My wife and I have been in South Africa for just over 2 and a half years and we have recently just had our first child, born on the 2nd of November. 

Now we are deciding what is the best course of action in regards to his visa. We both have 5 year Critical skill visas (expire May 2020) but would like to apply for permanent residency as soon as possible (my wife's CSV as professional nurse is a bit limiting).

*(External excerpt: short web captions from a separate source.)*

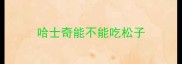 哈士奇能不能吃松子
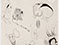 Lucian Freud 'Doodle Studies' 1943 Ink on Paper 40cmx48cm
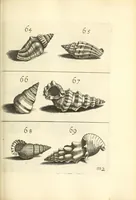 Picture 13 of 33 from Recreatio mentis, et oculi : in obseruatione animalium testaceorum curiosis naturæ inspectoribus Italico sermone prim um proposita (1684), leaf 415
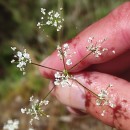 Conopodium majus (Gouan) LoretConopodium majus (Gouan) Loret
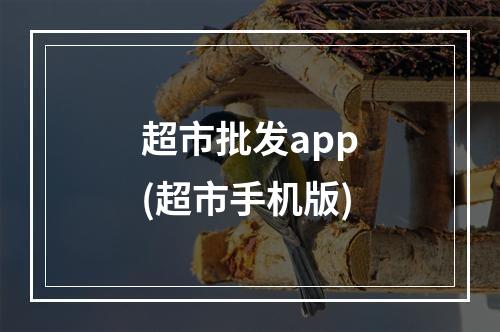 超市批发app(超市手机版)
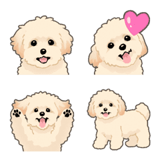 マルプー（犬）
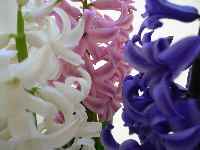 c0133533_0484551.jpg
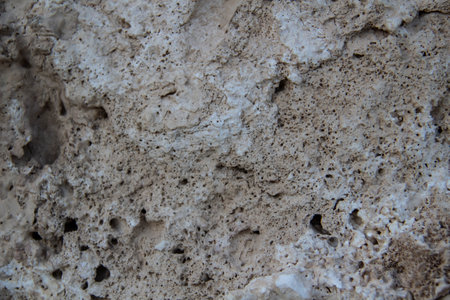 Beautiful stones texture from natural material. The dried and petrified coral on the rock against...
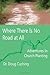 Where There Is No Road At All by Doug Cushing
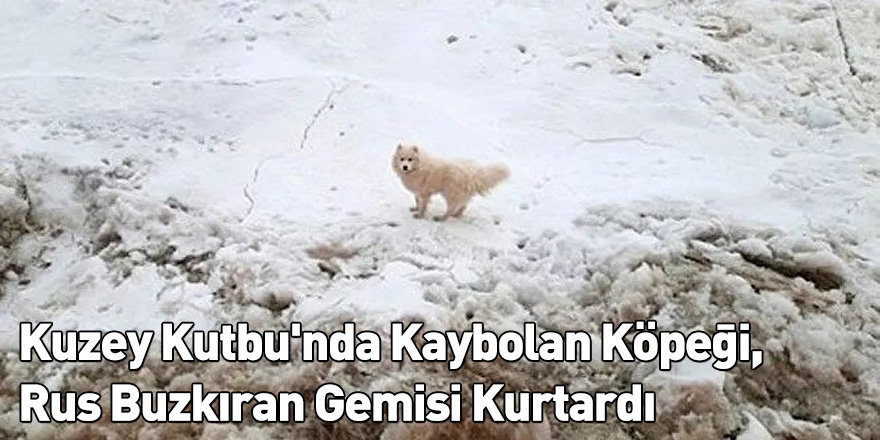 Kuzey Kutbu'nda Kaybolan Köpeği, Rus Buzkıran Gemisi Kurtardı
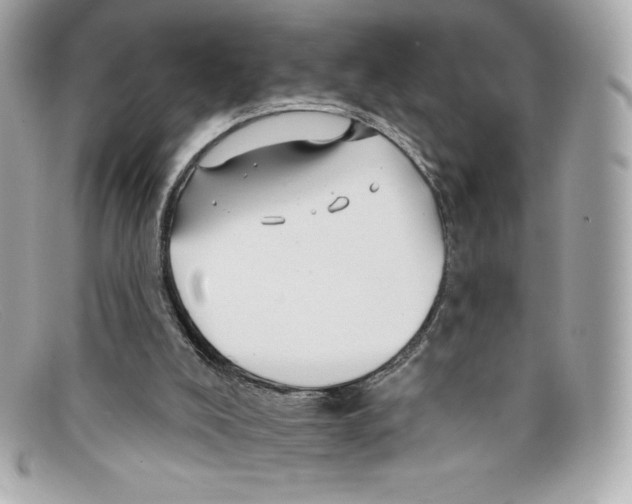 X0000097950008200804211048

What would people recommend?
1) Get a temporary visa for Baby on my CSV (what visa is this at VFS?)
2) We all apply for permanent residence?
- On a side note I have heard that if you go with a consultant to get PR you have a much higher chance of getting it. Is this true? Can you recommend a good consultant?

Thanks again


----------



## Bwixie (Mar 11, 2014)

pueky said:


> Hi all,
> 
> My wife and I have been in South Africa for just over 2 and a half years and we have recently just had our first child, born on the 2nd of November.
> 
> ...


Hi there
You need to get your son a temporary visa asap-that will be a Visitor Visa for a child accompanying a parent on a work visa. Usually doesn't take more than 3 months to be issued but then again this is home affairs we are talking about . Thereafter you can proceed to point 2.
I have never used a consultant and frankly this is something you can successfully do by yourself as long as you submit all the required paperwork as per VFS guidelines and advice on this forum.


----------